> [Task statement]: Return the lines of the data below, from the one containing "Afbeelding van BROTECT" through the very last, exactly and with both ends included; no pictures.

───── Extracted material

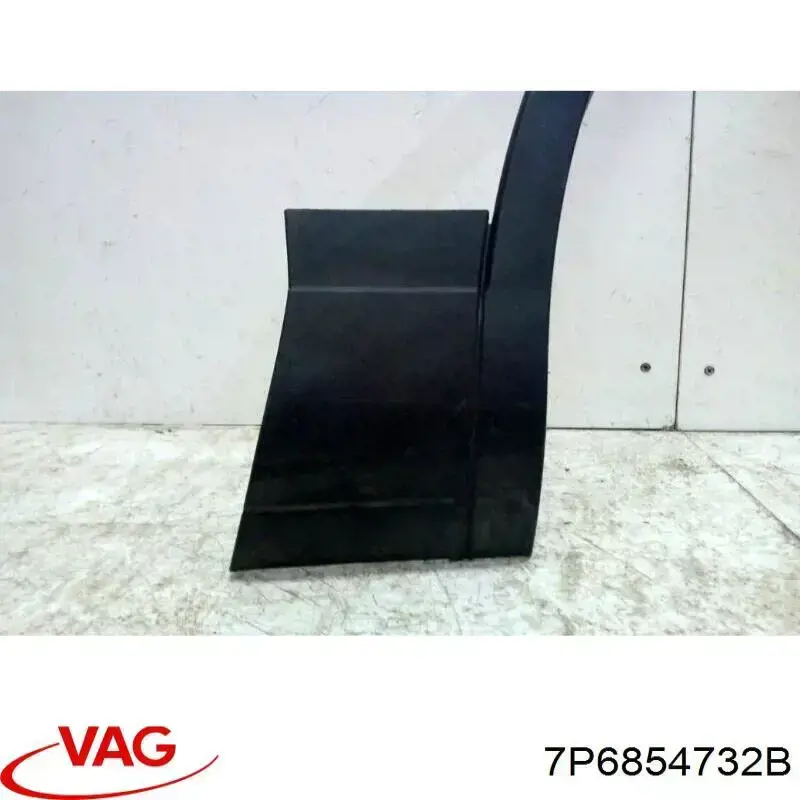 Expansor (placa sobreposta) de arco do pára-lama dianteiro direito VAG 7P6854732B9B9 preço, a partir de 275,11 USD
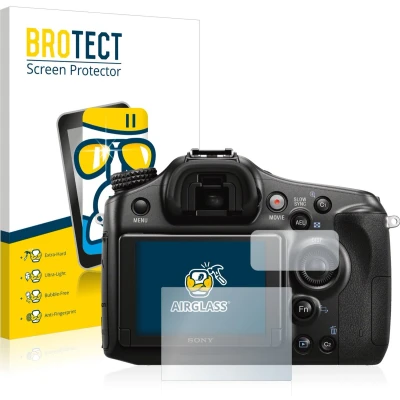 Afbeelding van BROTECT Screenprotector voor Sony Alpha 68 Folie Beschermfolie Beschermglas transparant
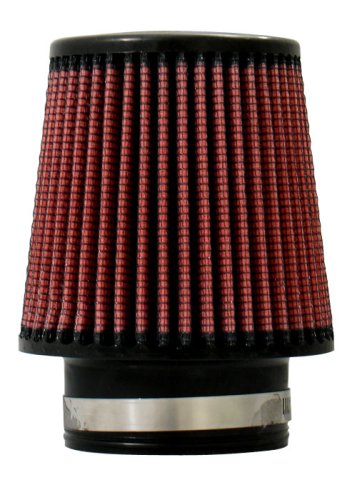 Injen Technology X-1020-BR Black and Red 3 High Performance Air Filter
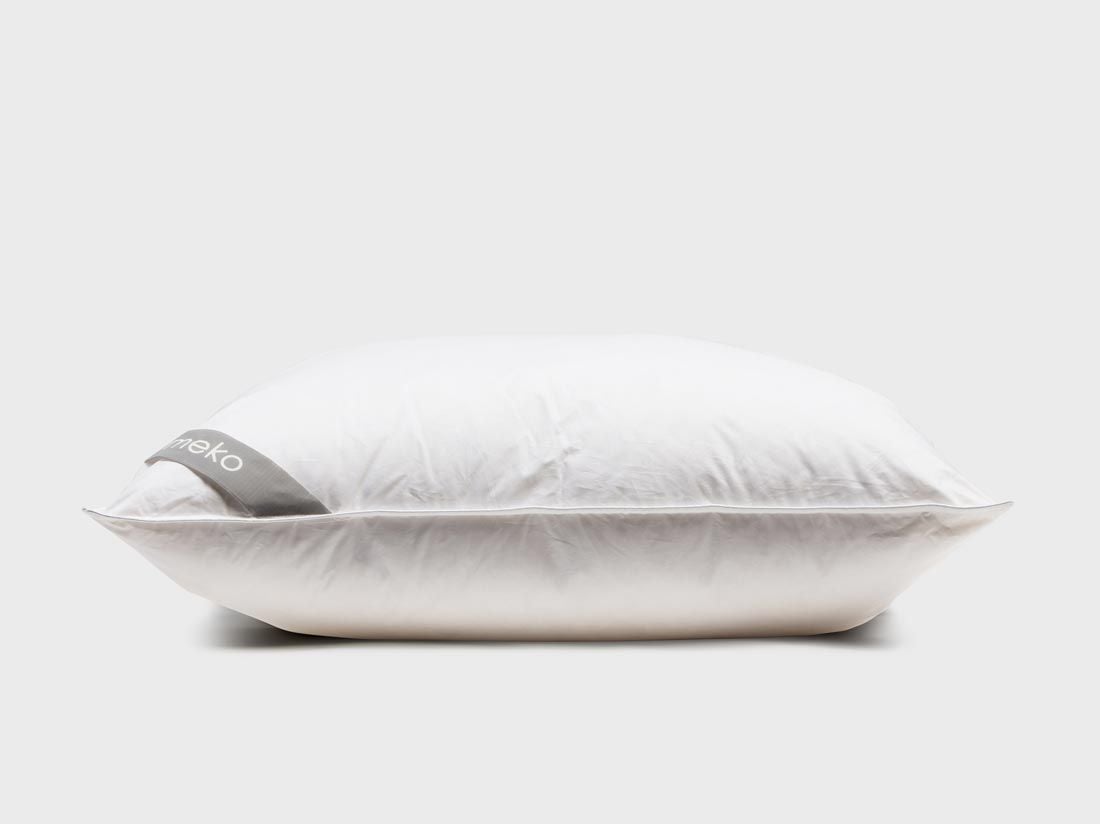 Oreiller en duvet 60x70 moelleux
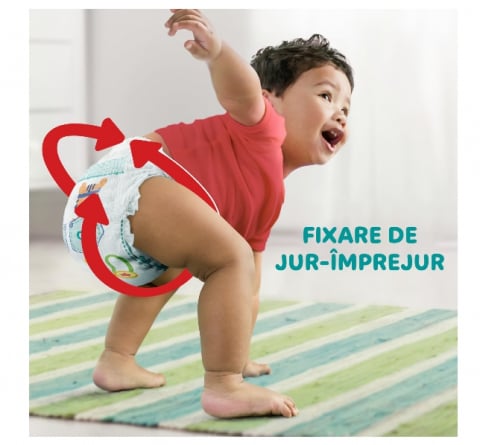 Scutece-chilotel Pampers Pants Jumbo Pack Marimea 4, 9-15 Kg, 52 buc [3]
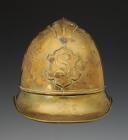CASQUE DE SAPEURS-POMPIERS SUISSE, 1870-1920. 24832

──────────

> [Answer section]:
 Afbeelding van BROTECT Screenprotector voor Sony Alpha 68 Folie Beschermfolie Beschermglas transparant
 Injen Technology X-1020-BR Black and Red 3 High Performance Air Filter
 Oreiller en duvet 60x70 moelleux
 Scutece-chilotel Pampers Pants Jumbo Pack Marimea 4, 9-15 Kg, 52 buc [3]
CASQUE DE SAPEURS-POMPIERS SUISSE, 1870-1920. 24832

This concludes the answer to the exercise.